The California Parents Who Tortured And Starved 12 Of Their Children Were Sentenced To 25 Years To Life In Prison
"My parents took my whole life from me," one of their children said during the emotional sentencing hearing for David and Louise Turpin.
A California couple who shackled, tortured, and starved 12 of their children in squalid conditions for years were sentenced to 25 years to life in prison on Friday.
David Allen Turpin, 57, and Louise Anne Turpin, 50 — who have 13 children in total — pleaded guilty in February to 14 felony counts that included torture and child endangerment, roughly a year after their then-17-year-old daughter escaped their filthy Riverside home and contacted authorities.
Before issuing his sentence, Judge Bernard Schwartz addressed the Turpins in court, calling the treatment of their children "selfish, cruel, and inhumane."

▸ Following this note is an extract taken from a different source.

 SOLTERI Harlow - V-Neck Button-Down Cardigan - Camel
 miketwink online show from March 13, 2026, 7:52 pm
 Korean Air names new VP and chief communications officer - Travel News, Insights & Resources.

"Their lives have been permanently altered in their ability to learn, grow, and thrive," Schwartz said. "To the extent that they do thrive ... it will be not because of you both, but despite you both."

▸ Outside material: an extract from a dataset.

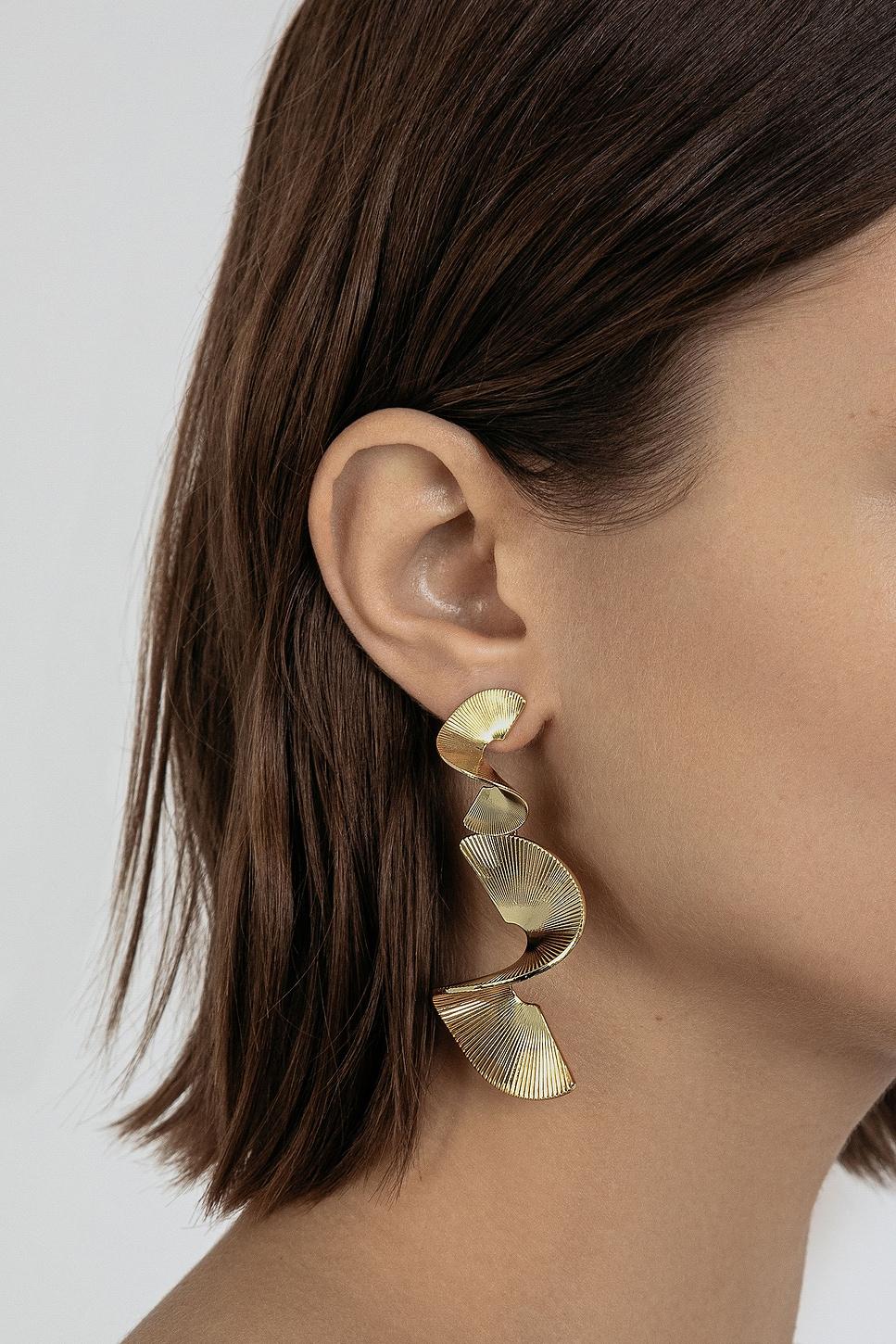 1974 Drop Earring SHASHI Product Image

During the emotional hearing, some of the children spoke on their own behalf for the first time.
"My parents took my whole life from me," one of the adult daughters — who was not identified — told the court while fighting back tears. "But now I'm taking my life back."

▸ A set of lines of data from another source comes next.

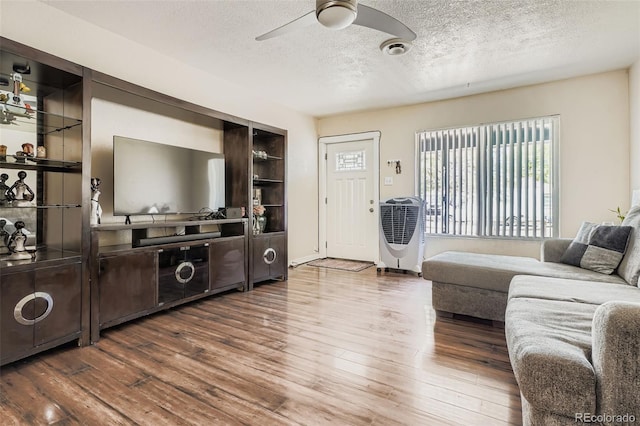 899 Troy St, Aurora, CO 80011 - photo 7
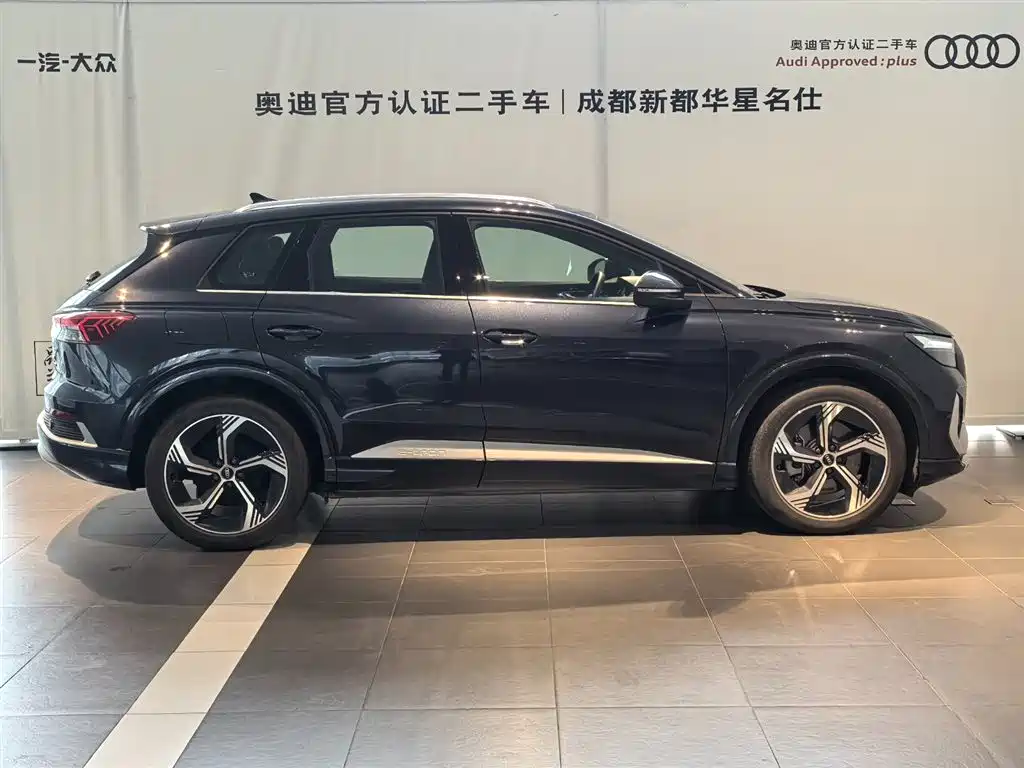 Audi Q4 e-tron 2025 — фото 3
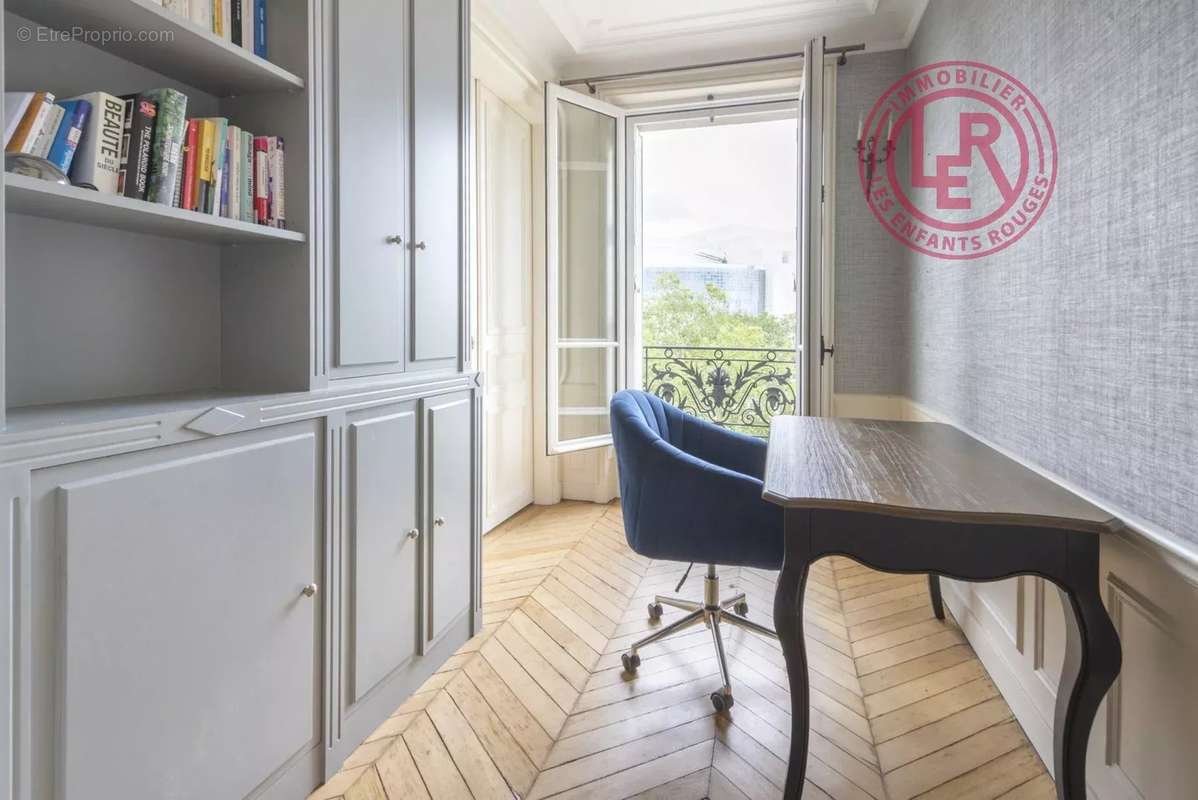 Appartement à PARIS-4E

The daughter said she was now living independently, going to college, and "hanging out with friends."
"I saw my dad change my mom, and they almost changed me," she said. "I immediately did what I could not to become like that. I'm a fighter. I'm strong."
One of the adult sons read a statement on behalf of another sibling, who wanted the court to know that "although it may have not been the best way of raising us," she still loved and forgave her parents.
For his part, the son said he could not describe in words "what we went through growing up."
"I still have nightmares of what happened, including my siblings being chained up," he said. "But that is the past, and this is now. I love my parents, and have forgiven them for a lot of the things they did to us."
The son said that after being rescued, he had learned how to ride a bike, advocate for himself, eat healthily, and prepare a balanced meal.
He said that he was getting his bachelor's degree in software engineering and was planning to get a job as a software engineer.
An advocate for another sibling read out the girl's statement in court in which she said "25 years is too long" for her parents.
"I believe my parents tried their best to raise all 13 of us and wanted to give us a good life," her statement said. "Everything they did was to protect us."
In his statement, David Turpin said his "homeschooling and discipline" for his children "had good intentions" and that he never intended to harm them.
Louise Turpin told the court through tears that she looks forward to the day when she can hug her children "and tell them I’m sorry."
"I want to say I'm sorry for everything I've done to hurt my children," she said. "I love my children so much and I'm blessed to be the mother of each one of them."
The judge told the Turpins that "any punishment given to you today will pale in comparison to the fact that you will not have an opportunity to spend your years with your children as a normal parent would."
Prosecutors said the children — who ranged in age from 2 to 29 when they were found — were almost always either shackled to their beds or kept in separate rooms, and were allowed to shower only once a year.
They were punished with beatings and strangulations and were so severely malnourished that police officers initially thought all of them were minors. One child, aged 12, was the weight of an average 7-year-old, while a 29-year-old sibling weighed 82 pounds.
Several of the siblings also had cognitive impairment and nerve damage from being chained and beaten, authorities said.
Jack Osborn, an attorney for the adult Turpin children, told reporters that the children had gained weight and strength and that they were living in apartments, going hiking, and taking an interest in sports.
He said that they all loved their parents but that some of them didn't want to speak to their parents for a long time.
"Our clients are most of all survivors, not victims," Osborn said.